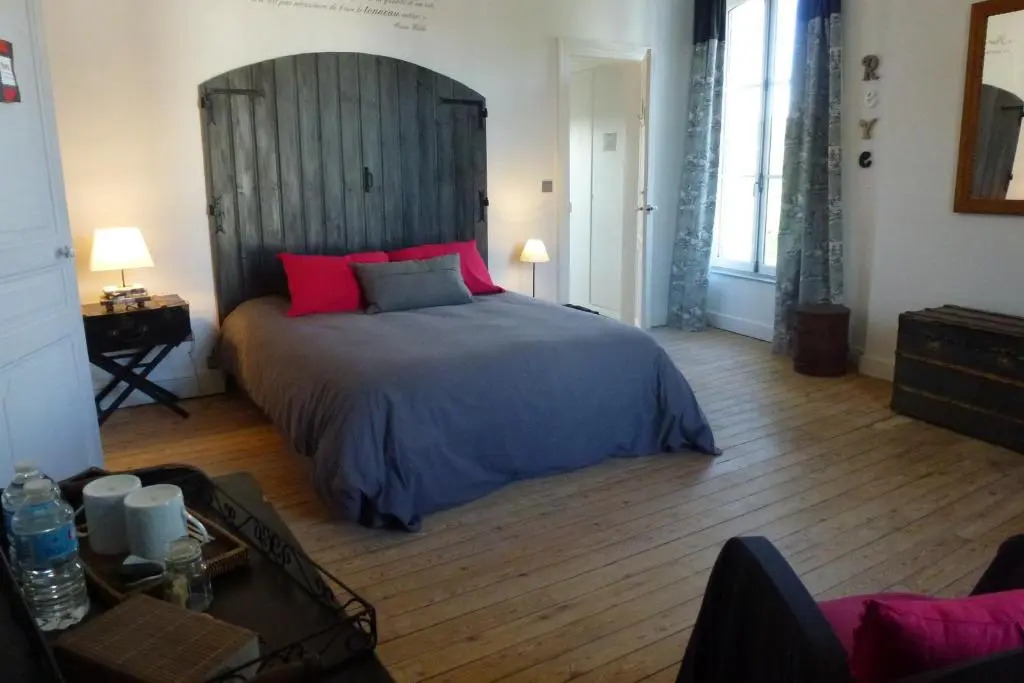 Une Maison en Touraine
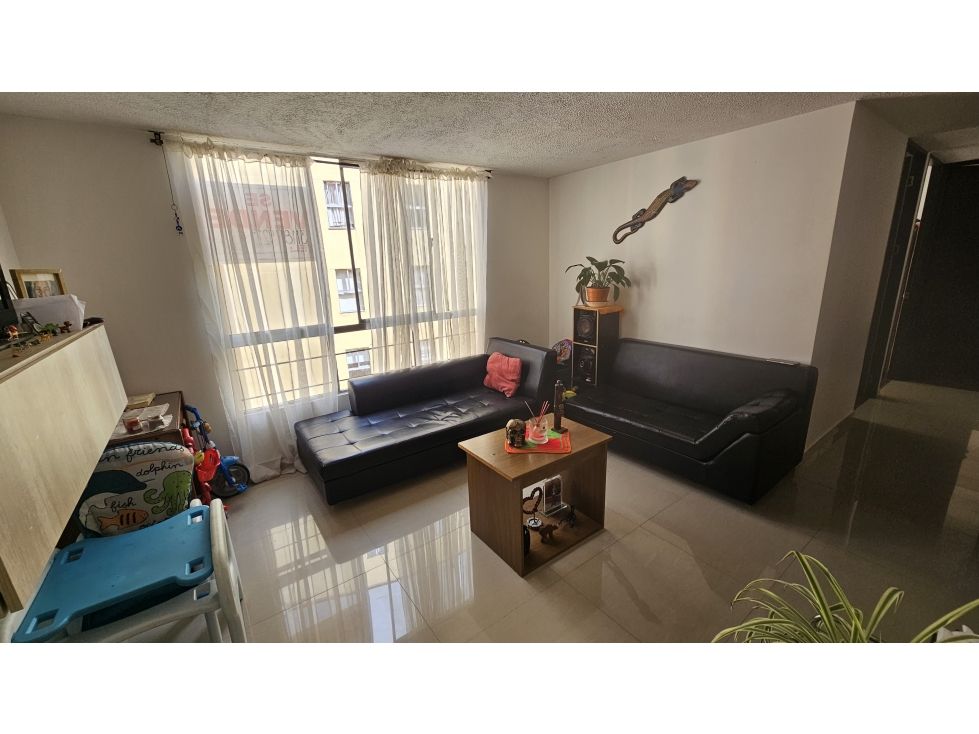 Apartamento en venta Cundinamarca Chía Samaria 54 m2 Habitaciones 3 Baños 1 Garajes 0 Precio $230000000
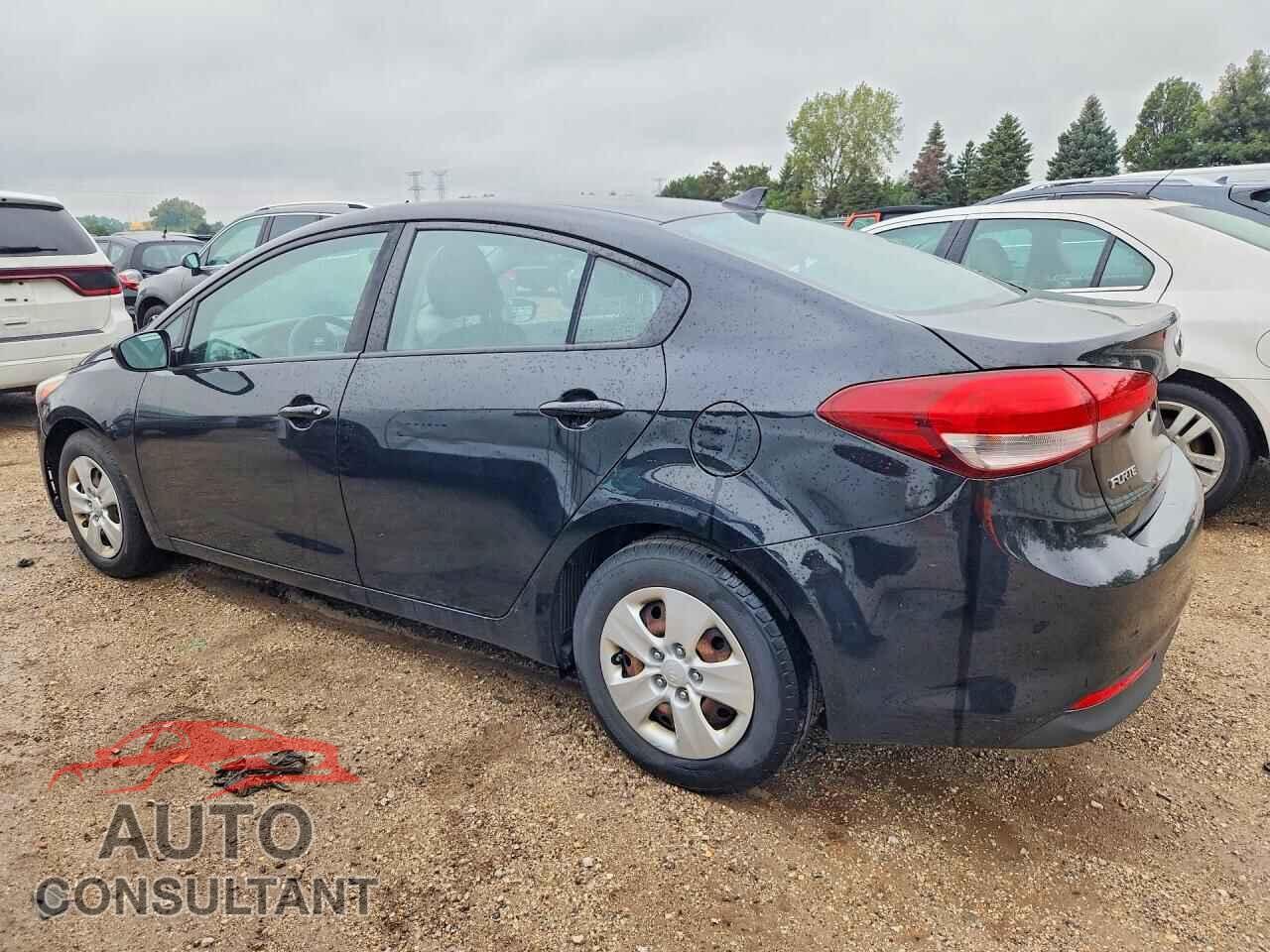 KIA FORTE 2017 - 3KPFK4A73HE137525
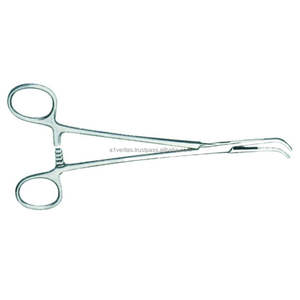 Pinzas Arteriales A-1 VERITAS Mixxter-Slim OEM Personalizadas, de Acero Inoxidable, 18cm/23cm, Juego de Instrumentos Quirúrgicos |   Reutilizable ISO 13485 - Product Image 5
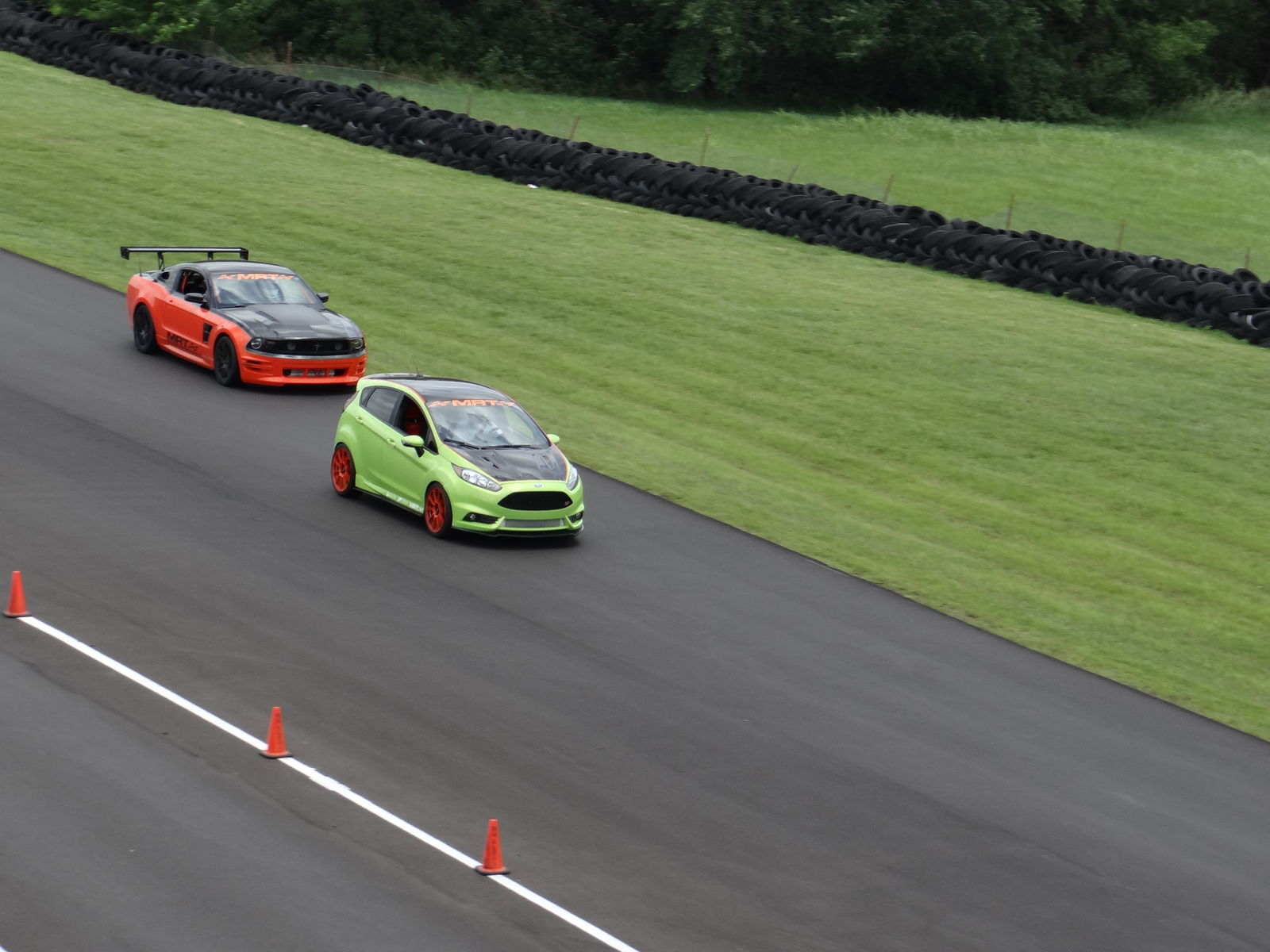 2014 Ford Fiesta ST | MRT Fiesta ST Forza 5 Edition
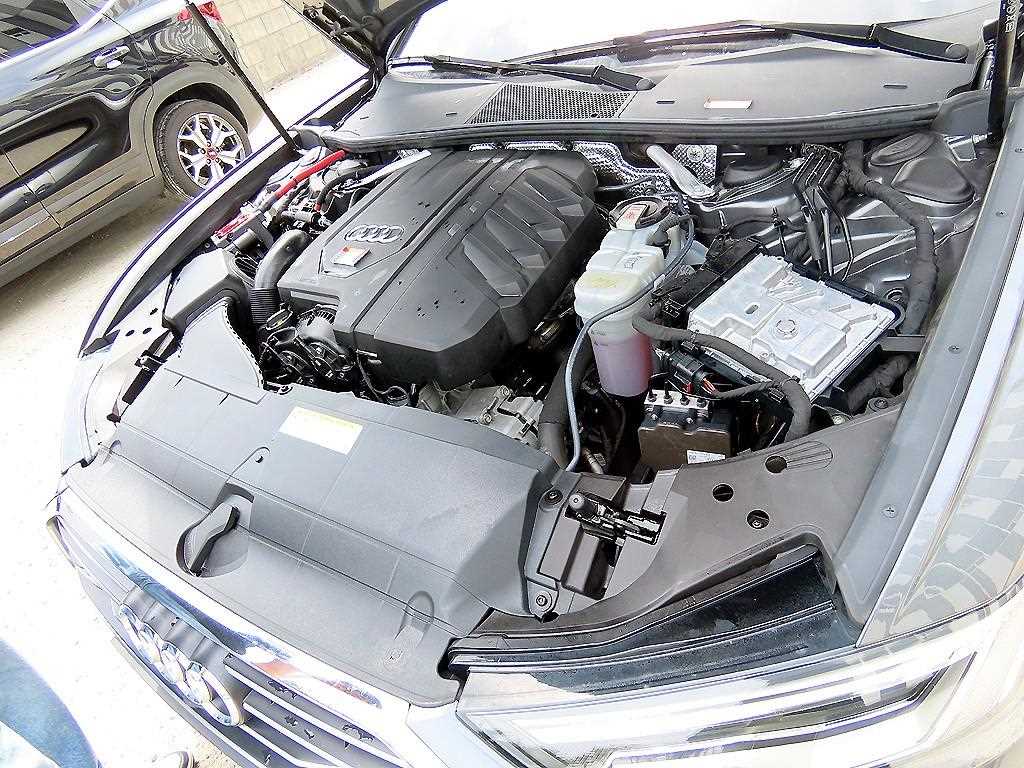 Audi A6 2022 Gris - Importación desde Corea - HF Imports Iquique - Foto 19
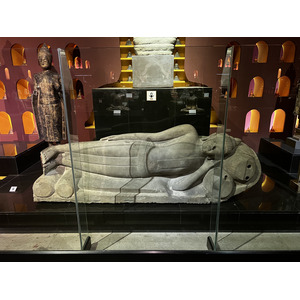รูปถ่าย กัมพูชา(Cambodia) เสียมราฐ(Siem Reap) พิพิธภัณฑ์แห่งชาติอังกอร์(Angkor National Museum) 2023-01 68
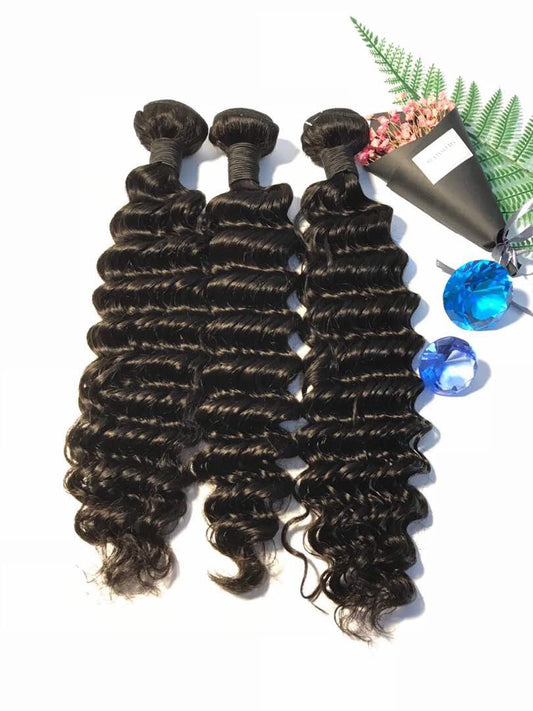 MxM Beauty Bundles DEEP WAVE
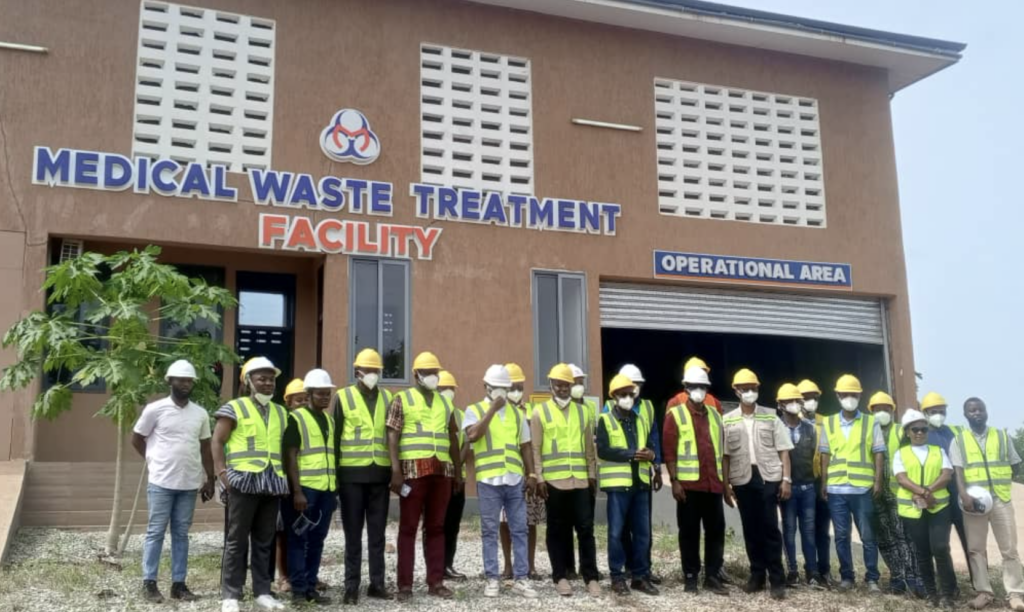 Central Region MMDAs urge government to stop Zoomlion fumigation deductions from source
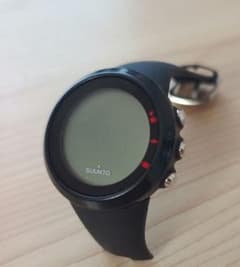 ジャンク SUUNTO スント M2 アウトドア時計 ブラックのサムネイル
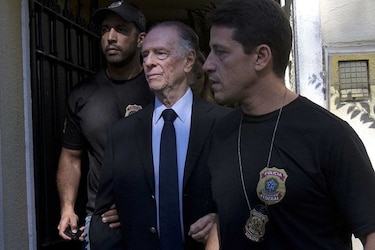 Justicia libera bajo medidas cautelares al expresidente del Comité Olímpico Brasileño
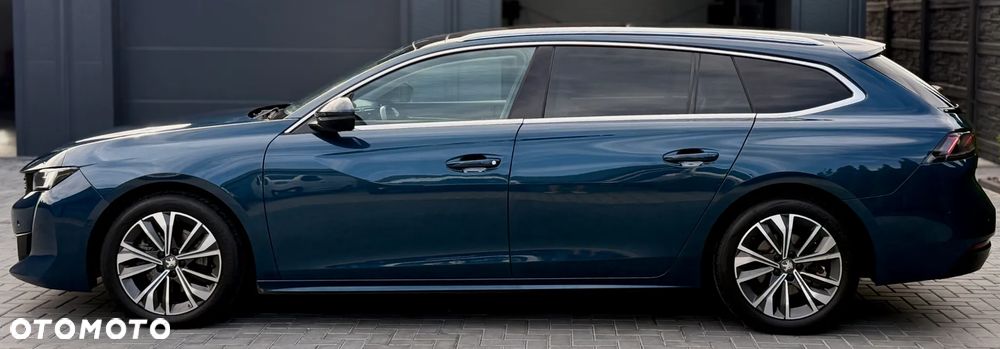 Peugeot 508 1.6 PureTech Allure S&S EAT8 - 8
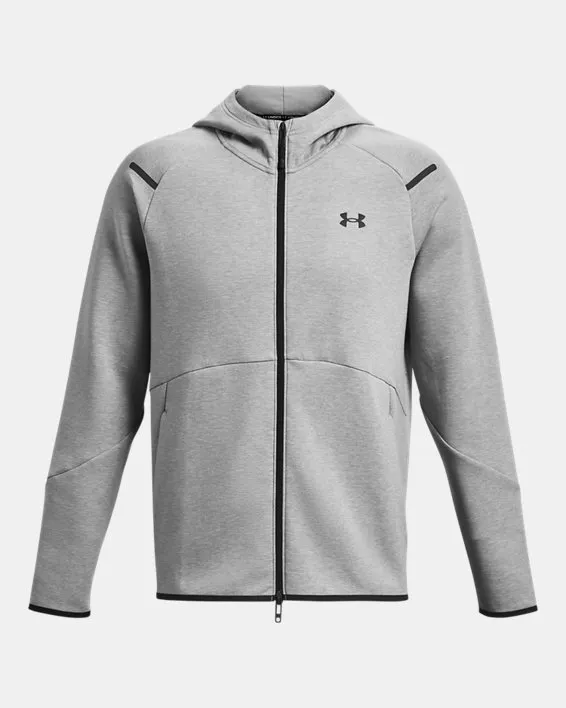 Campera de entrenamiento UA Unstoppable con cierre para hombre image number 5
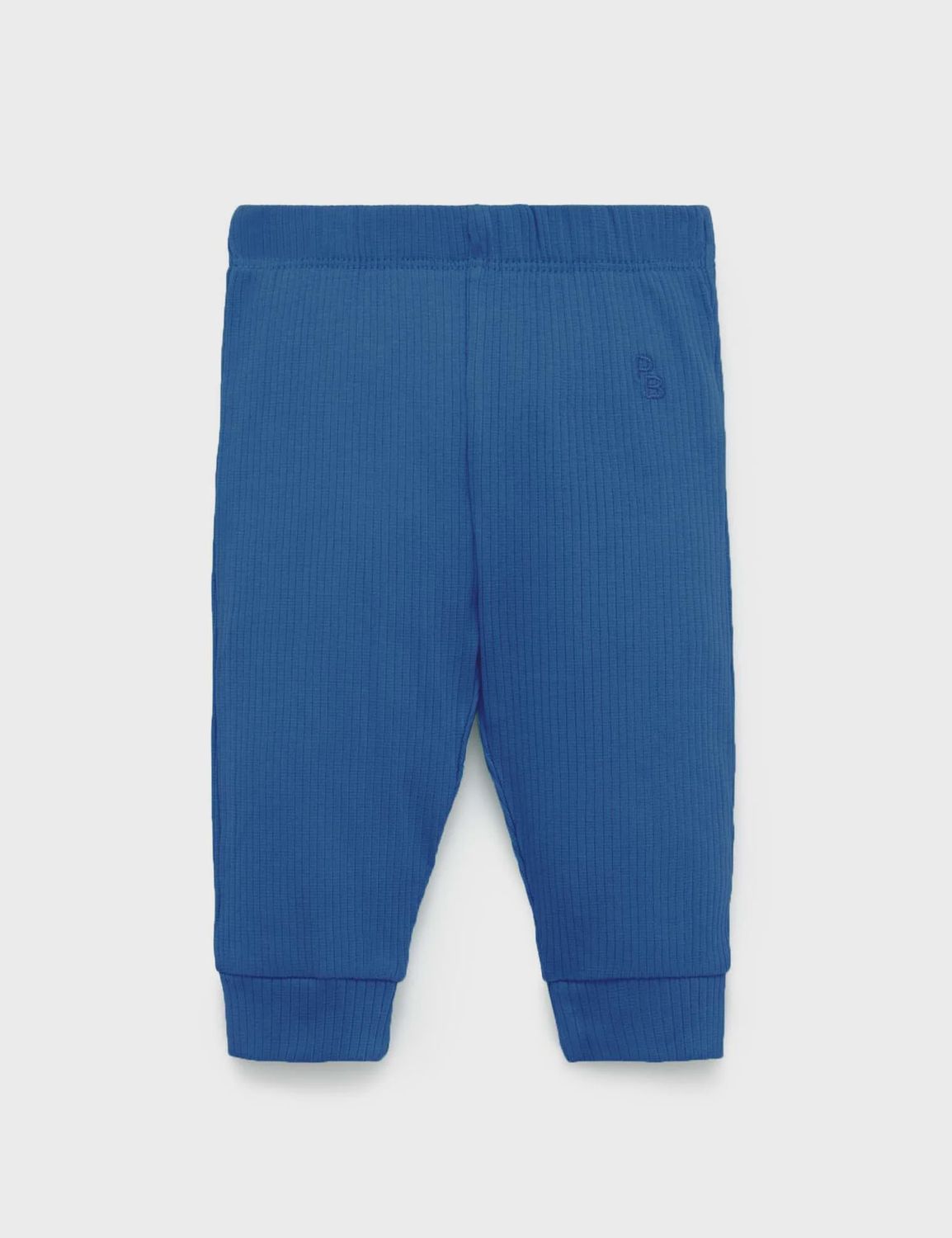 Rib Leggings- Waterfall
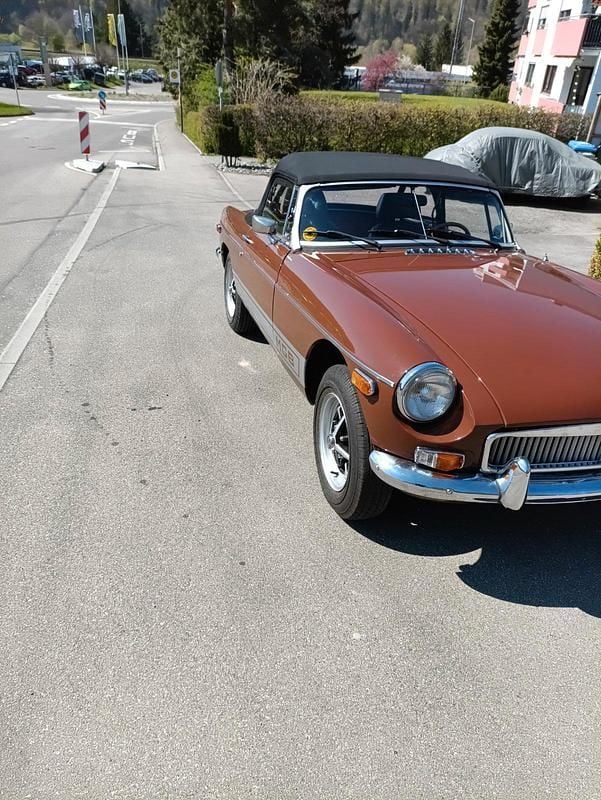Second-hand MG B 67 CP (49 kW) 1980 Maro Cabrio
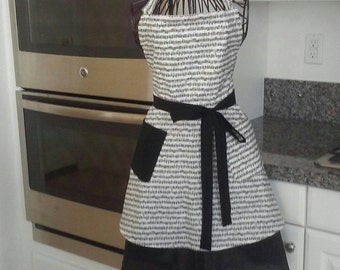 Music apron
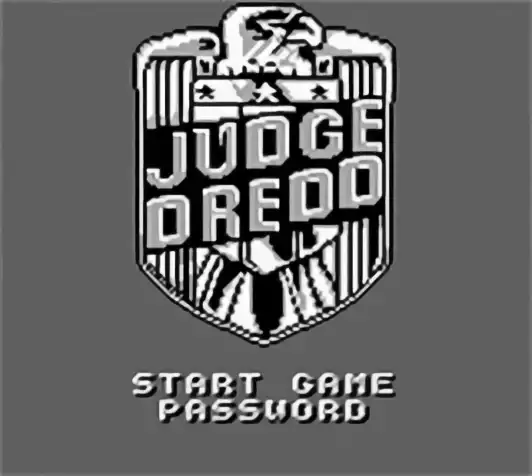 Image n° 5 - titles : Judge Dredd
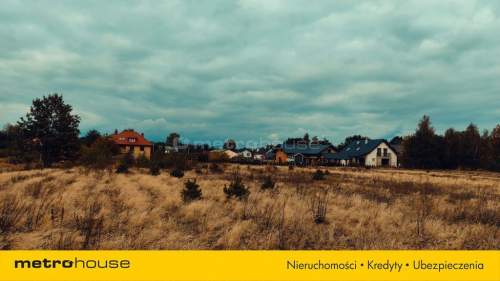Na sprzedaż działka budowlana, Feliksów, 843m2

══════════

▸ **Action item**
Above are some records; extract exactly the lines from the one containing "Pinzas Arteriales A-1" through the one containing "Peugeot 508 1.6 PureTech Allure S&S EAT8 - 8" and drop the pictures.

▸ **Worked solution**
 Pinzas Arteriales A-1 VERITAS Mixxter-Slim OEM Personalizadas, de Acero Inoxidable, 18cm/23cm, Juego de Instrumentos Quirúrgicos |   Reutilizable ISO 13485 - Product Image 5
 2014 Ford Fiesta ST | MRT Fiesta ST Forza 5 Edition
 Audi A6 2022 Gris - Importación desde Corea - HF Imports Iquique - Foto 19
รูปถ่าย กัมพูชา(Cambodia) เสียมราฐ(Siem Reap) พิพิธภัณฑ์แห่งชาติอังกอร์(Angkor National Museum) 2023-01 68
 MxM Beauty Bundles DEEP WAVE
 Central Region MMDAs urge government to stop Zoomlion fumigation deductions from source
 ジャンク SUUNTO スント M2 アウトドア時計 ブラックのサムネイル
 Justicia libera bajo medidas cautelares al expresidente del Comité Olímpico Brasileño
 Peugeot 508 1.6 PureTech Allure S&S EAT8 - 8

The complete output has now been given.